My “little Mary” has been a bit out of order, but am getting her right again by drinking plenty of hot milk which I buy from the farmeresses and heat up in my mess-tin.  Practically all the rustic population here is Flemish, the French appearing to prefer town life.  Flemish is a rather ugly language, several words being identical with their English equivalents, e.g. ‘water’, and it naturally contains an intermixture of French but it is a low German language like Dutch, English, etc. (it’s rather annoying to think our language is “low-German” isn’t it?).  Their children are taught French in the schools but probably relapse into the vernacular.

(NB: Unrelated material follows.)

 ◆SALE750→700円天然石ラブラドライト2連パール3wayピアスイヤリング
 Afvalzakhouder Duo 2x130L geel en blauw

Have recently noticed a number of very large birds in the fields, of a deep bluish colour, which I imagine to be jack-daws, and a few still larger birds which have extra-ordinary long wand-like tails and strut about in great importance – they beat me altogether.  The cattle seem to be kept in stalls practically all the time, the land being used entirely for cropping.  The most hideous, flop-eared flesh-coloured porkers flounder about in the filth of the farm-yards all day long.  Their ears are so huge as to practically blind them and their lives seem to be a succession of shocks at finding themselves running into some danger or other.  It is quite prehistoric to see men sowing by hand, using a flail, harrowing with one horse and a wooden implement, three-wheeled waggons and so on.  We are sprawling about in our barn trying to read and write by the most villainous slush lamps, the grease from which is drip-dripping over our belongings.  The doors are so small that the interior has never seen the light of day and we lose our smaller articles in the straw, then hunt for them with matches, lighted cigarettes or flash lamps.  Have just been interrupted by a rather exciting diversion in the shape of W. and his neighbour (on the outer edge, who says that with 2 lawyers one side and a yawning gulf on the other he is literally between the Devil and the deep sea), getting the slush lamp quite out of control and having to empty the whole blazing mass out into a mess-tin where it slowly and alarmingly spluttered and stunk itself to death.  Alas, more joy is in store for us, a fresh batch of those unnatural beasts with the reciprocating or rag-time ears having just arrived; moreover I hear that they are both fat and frisky, even frolicsome in their freshness.  To regale you with any detailed account of the encroachment of King Mud, or mud in relation to mules, or mud in any shape or form (it hasn’t any) would not prove very entertaining.